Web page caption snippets

######

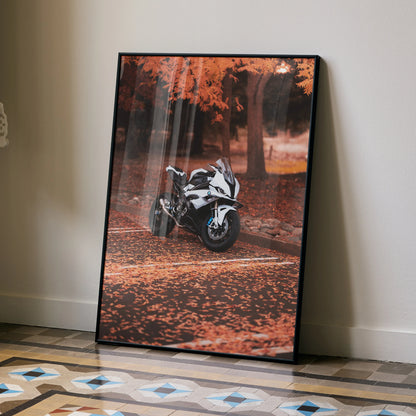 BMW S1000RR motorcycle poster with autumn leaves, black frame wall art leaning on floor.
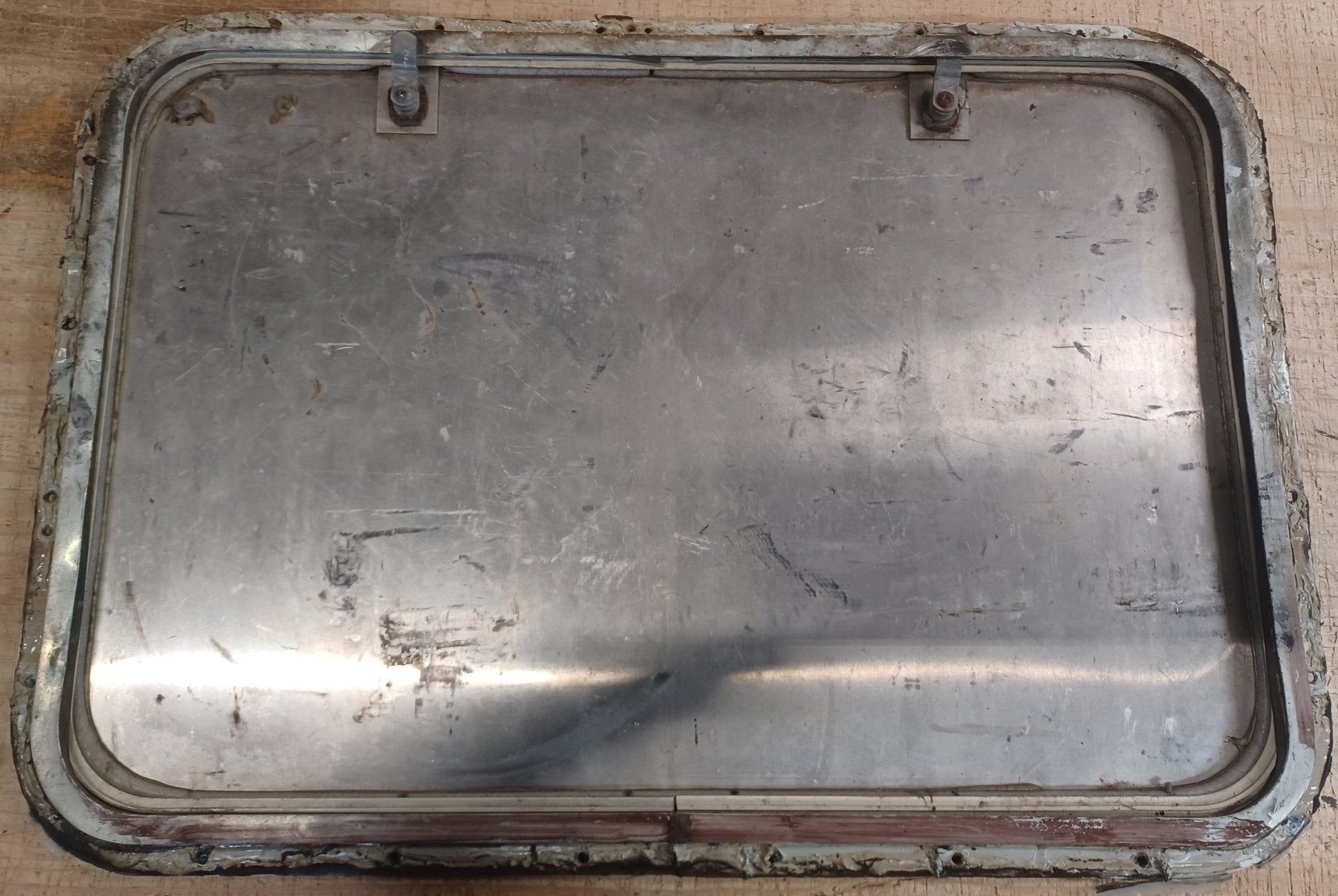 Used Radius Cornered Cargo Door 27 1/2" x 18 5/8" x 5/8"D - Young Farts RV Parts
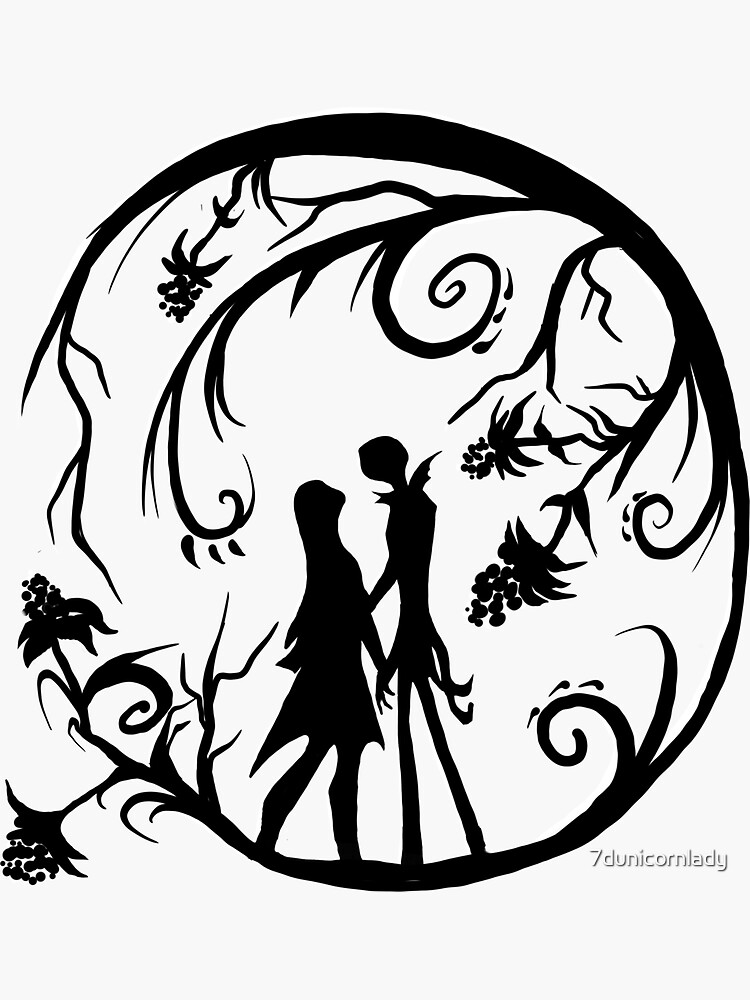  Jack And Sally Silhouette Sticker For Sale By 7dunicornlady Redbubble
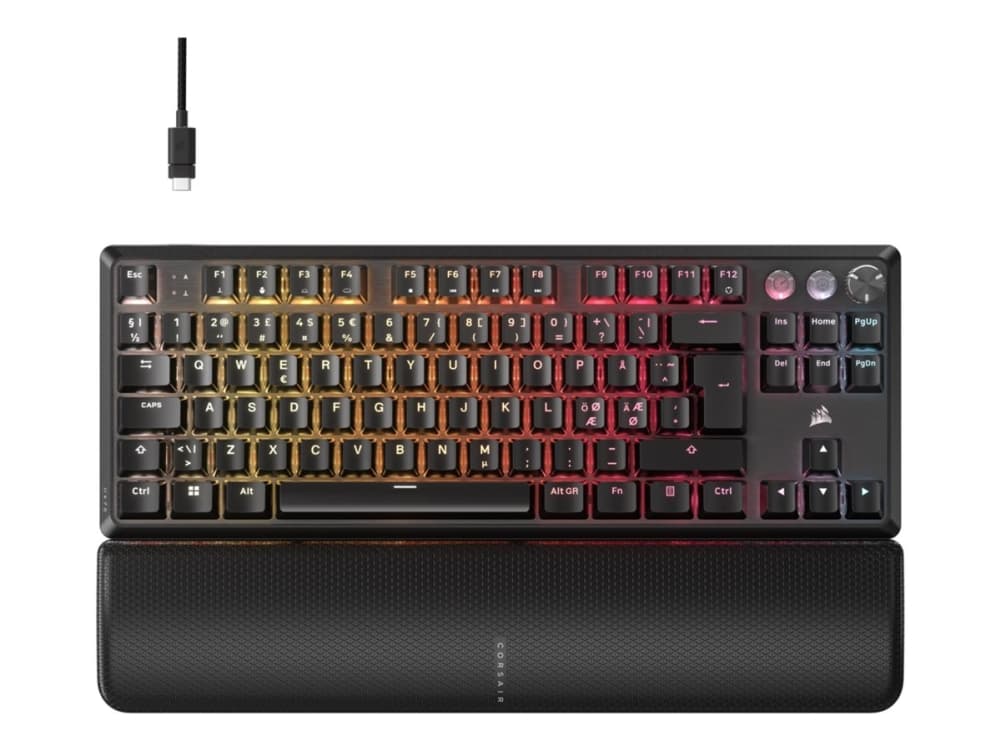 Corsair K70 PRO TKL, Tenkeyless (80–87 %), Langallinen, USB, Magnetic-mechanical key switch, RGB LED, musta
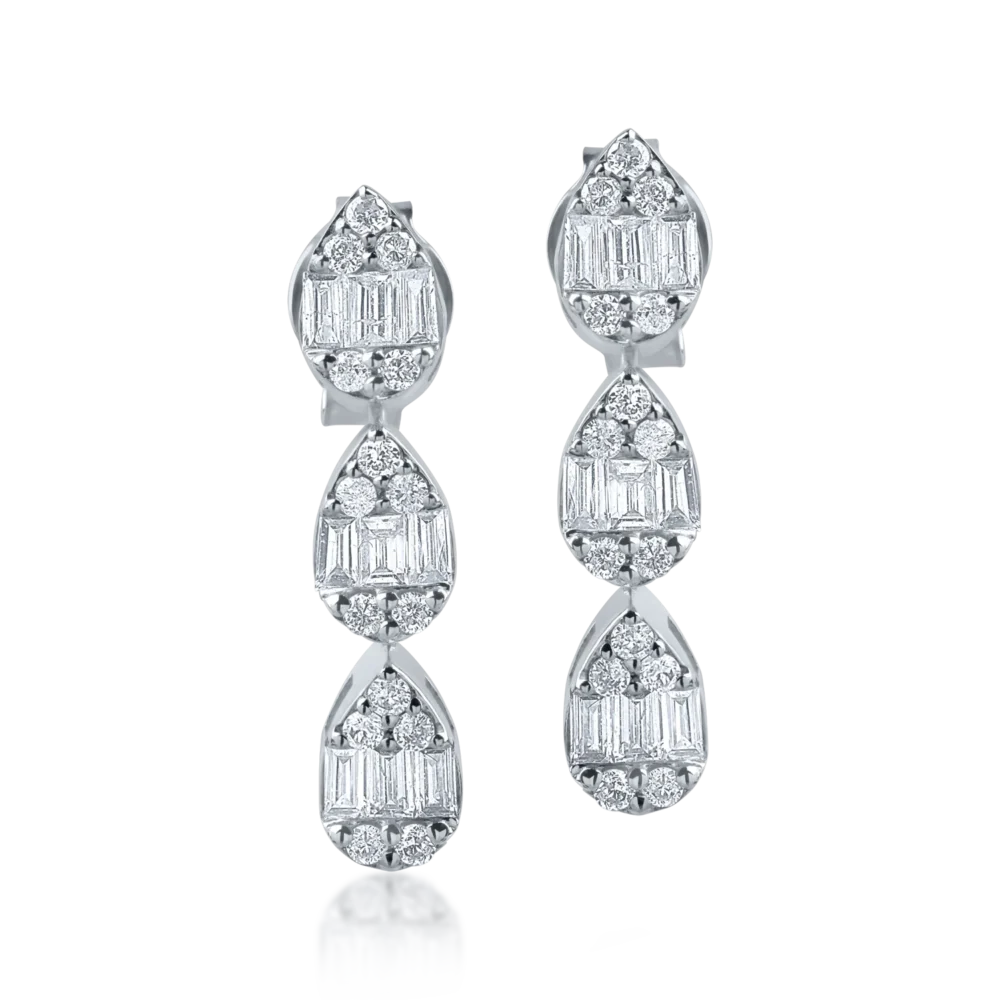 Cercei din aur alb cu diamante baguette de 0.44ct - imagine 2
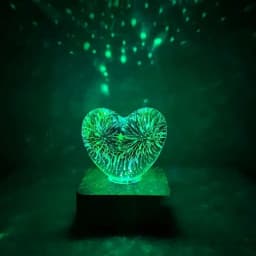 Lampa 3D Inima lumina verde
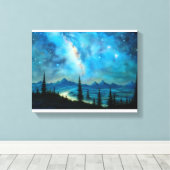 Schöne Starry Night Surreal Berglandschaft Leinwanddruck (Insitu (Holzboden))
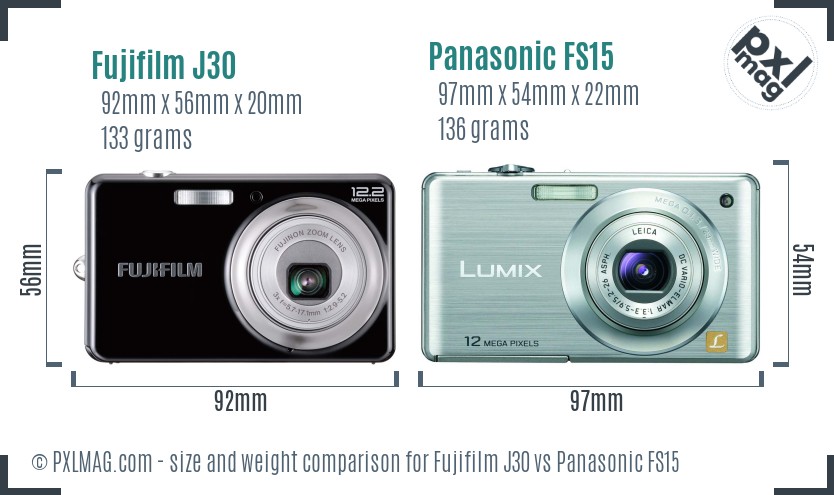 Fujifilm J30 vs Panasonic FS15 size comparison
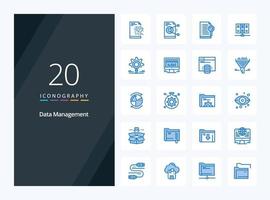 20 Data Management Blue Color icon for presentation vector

######

## What is needed
Could you copy, exactly and with no pictures, each line from the first one above to the line holding "Schöne Starry Night"?

## Solution to the problem
 BMW S1000RR motorcycle poster with autumn leaves, black frame wall art leaning on floor.
 Used Radius Cornered Cargo Door 27 1/2" x 18 5/8" x 5/8"D - Young Farts RV Parts
  Jack And Sally Silhouette Sticker For Sale By 7dunicornlady Redbubble
 Corsair K70 PRO TKL, Tenkeyless (80–87 %), Langallinen, USB, Magnetic-mechanical key switch, RGB LED, musta
 Cercei din aur alb cu diamante baguette de 0.44ct - imagine 2
 Lampa 3D Inima lumina verde
 Schöne Starry Night Surreal Berglandschaft Leinwanddruck (Insitu (Holzboden))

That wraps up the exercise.